- Brief -
What you return should match the entries below exactly, only without the images.
─── Records to process
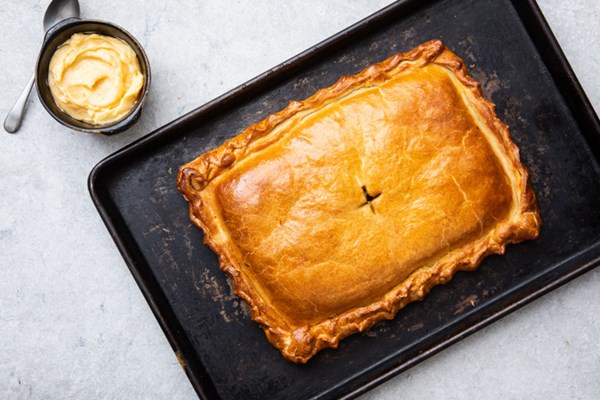 Galician cockle empanada with allioli recipe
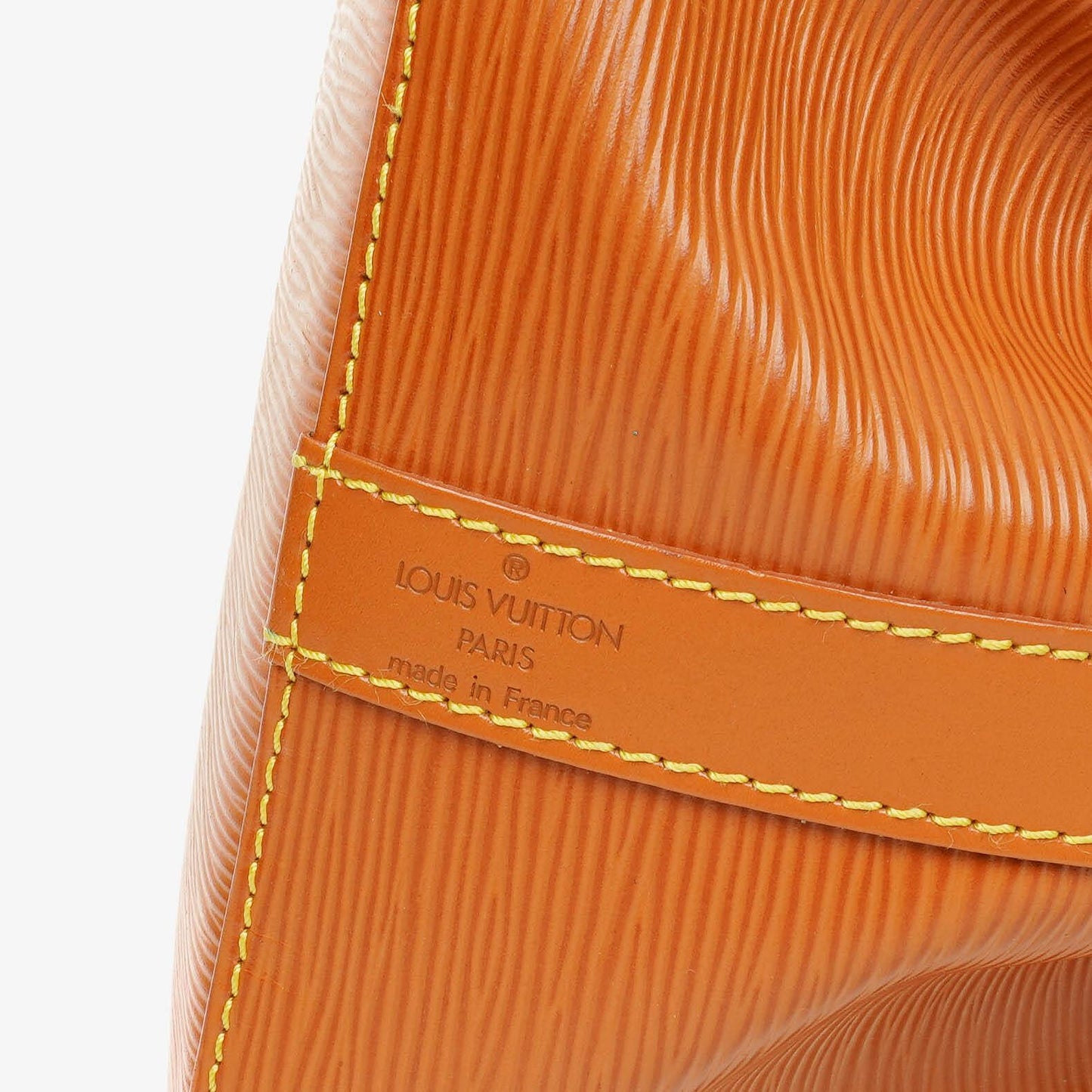 Louis Vuitton Petit Noe Schultertasche aus braunem Epi-Leder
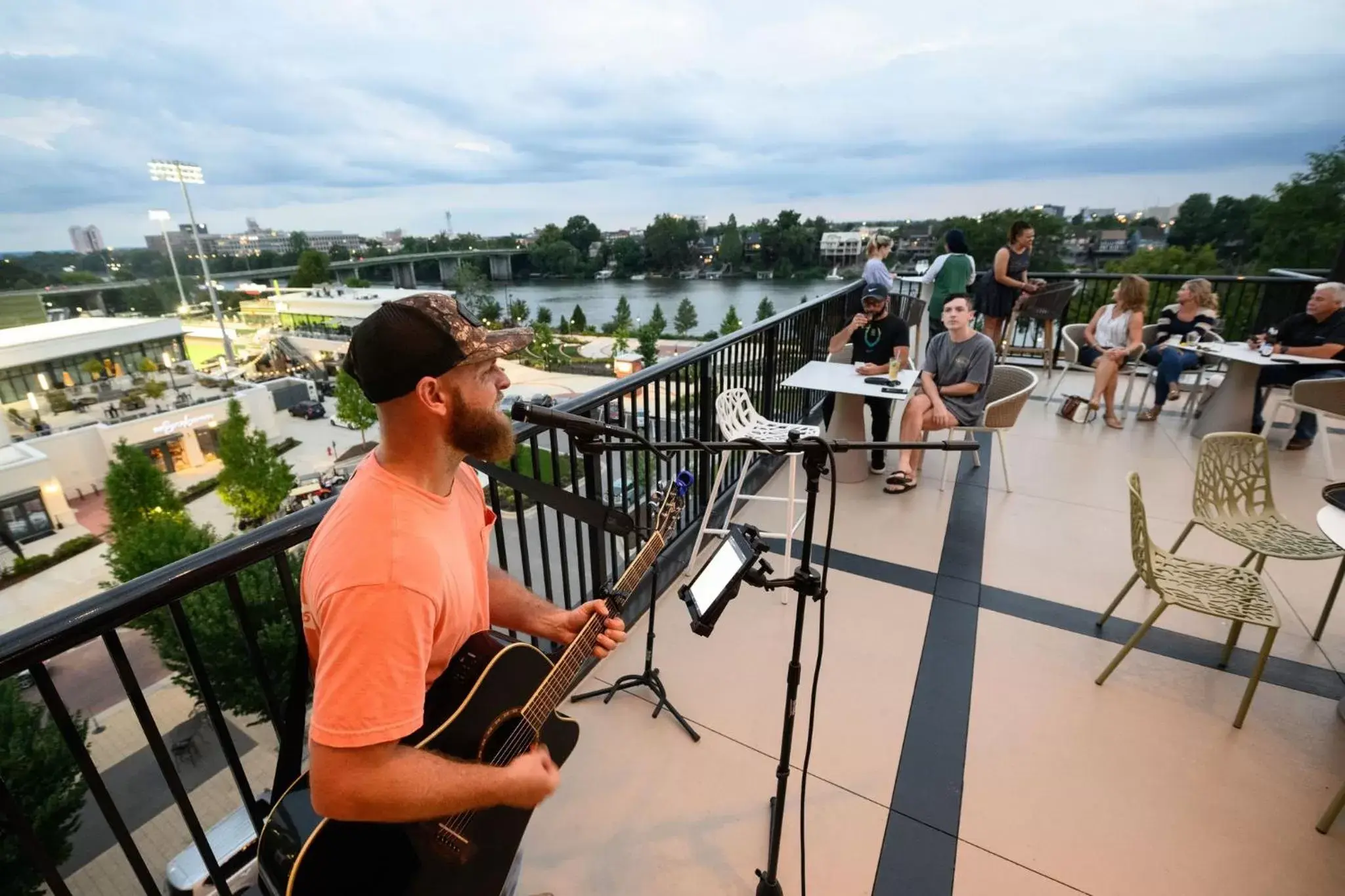 Lounge or bar in Crowne Plaza - North Augusta, an IHG Hotel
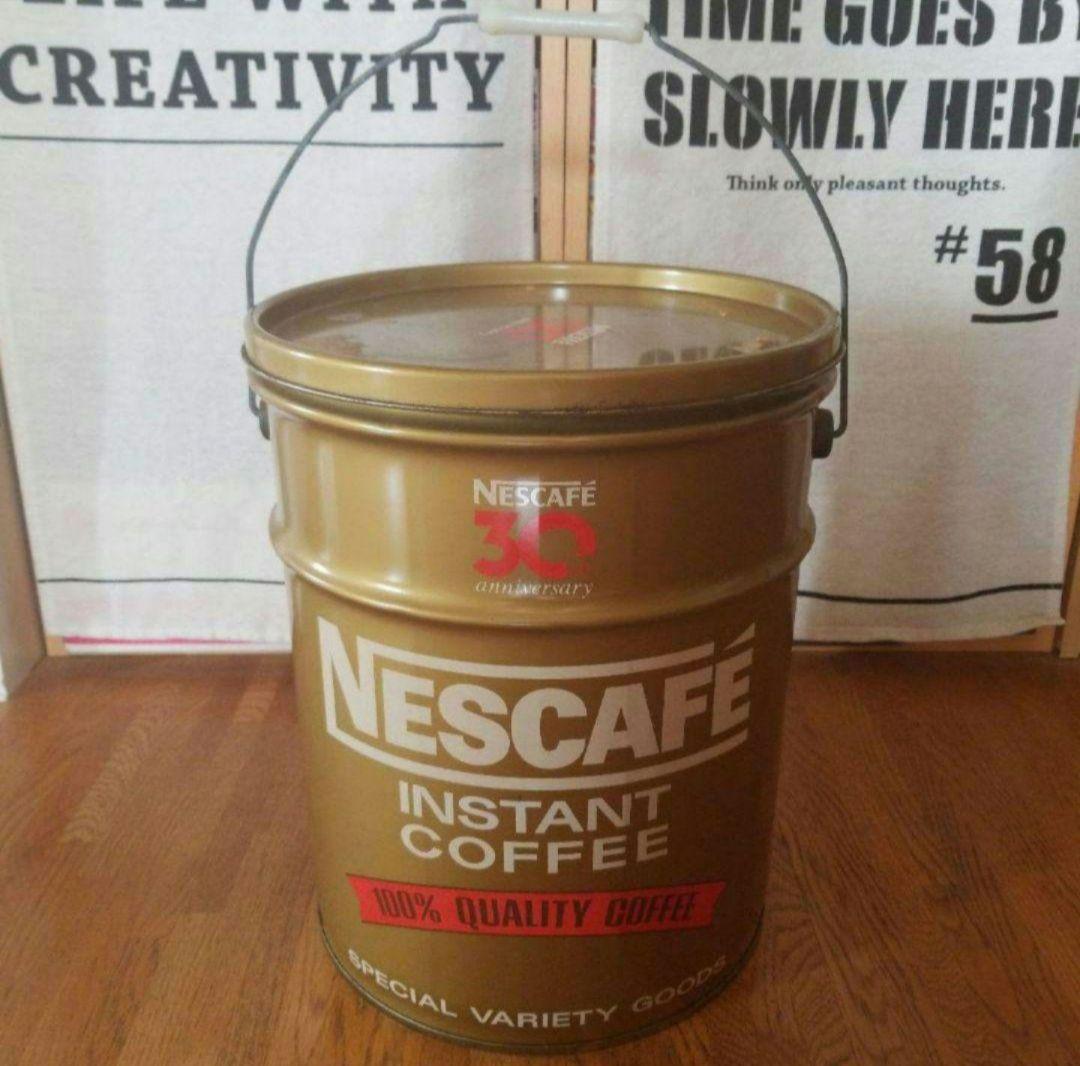 非売品 ネスカフェ インスタントコーヒー 30周年記念 缶 ゴールド ブリキ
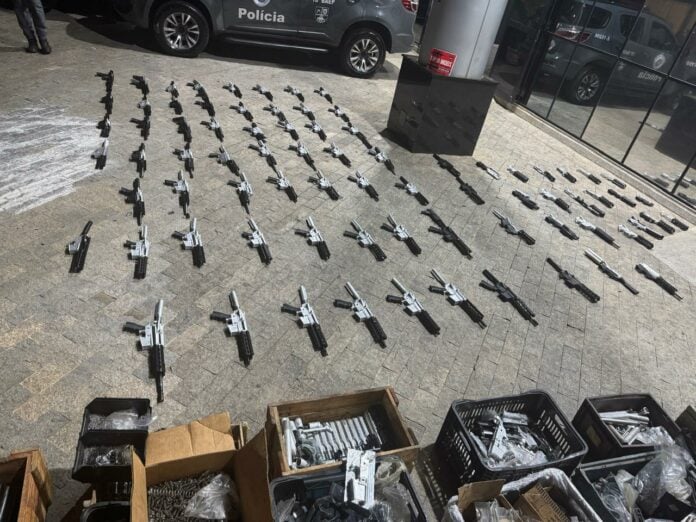 Polícia Federal e PM fecham fábrica clandestina de fuzis em Americana e Santa Bárbara d’Oeste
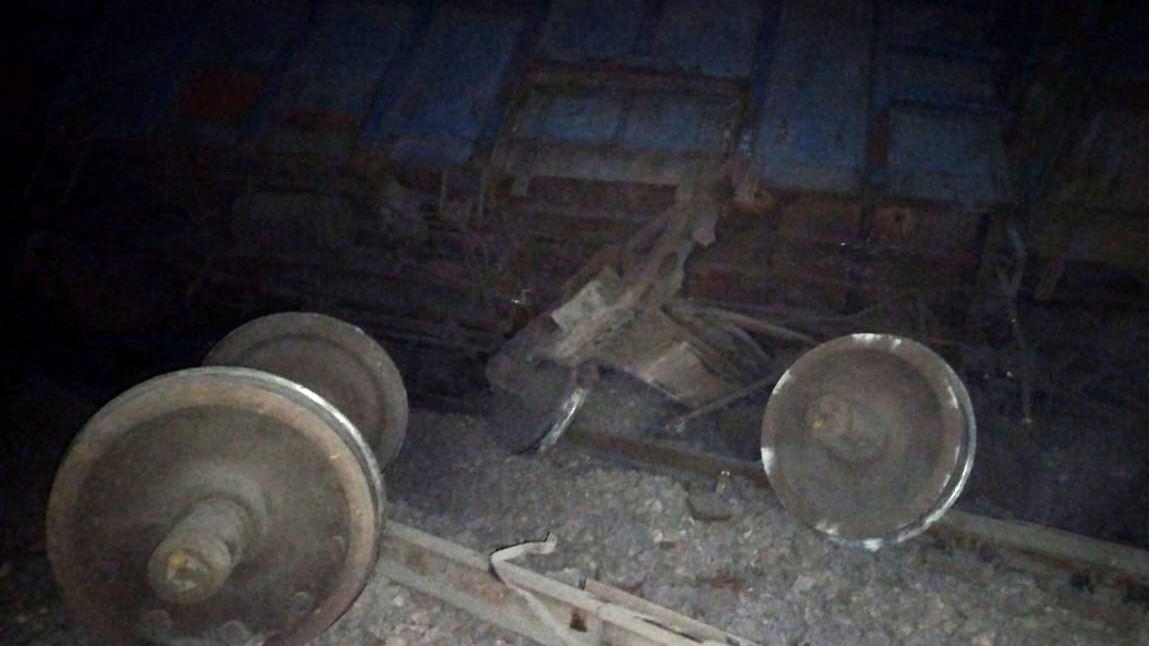 coal train derailment disrupts rail traffic in mathura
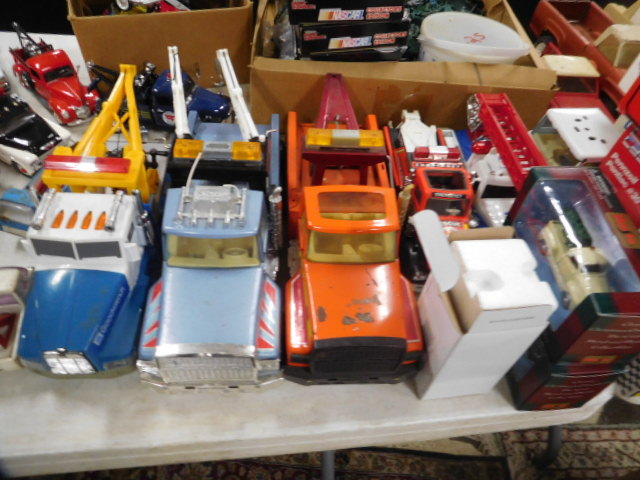 Estate Toy Collection and some Good Early NASCAR - DSCN0030.JPG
──────
- Task answer -
 Galician cockle empanada with allioli recipe
 Louis Vuitton Petit Noe Schultertasche aus braunem Epi-Leder
 Lounge or bar in Crowne Plaza - North Augusta, an IHG Hotel
 非売品 ネスカフェ インスタントコーヒー 30周年記念 缶 ゴールド ブリキ
 Polícia Federal e PM fecham fábrica clandestina de fuzis em Americana e Santa Bárbara d’Oeste
 coal train derailment disrupts rail traffic in mathura
 Estate Toy Collection and some Good Early NASCAR - DSCN0030.JPG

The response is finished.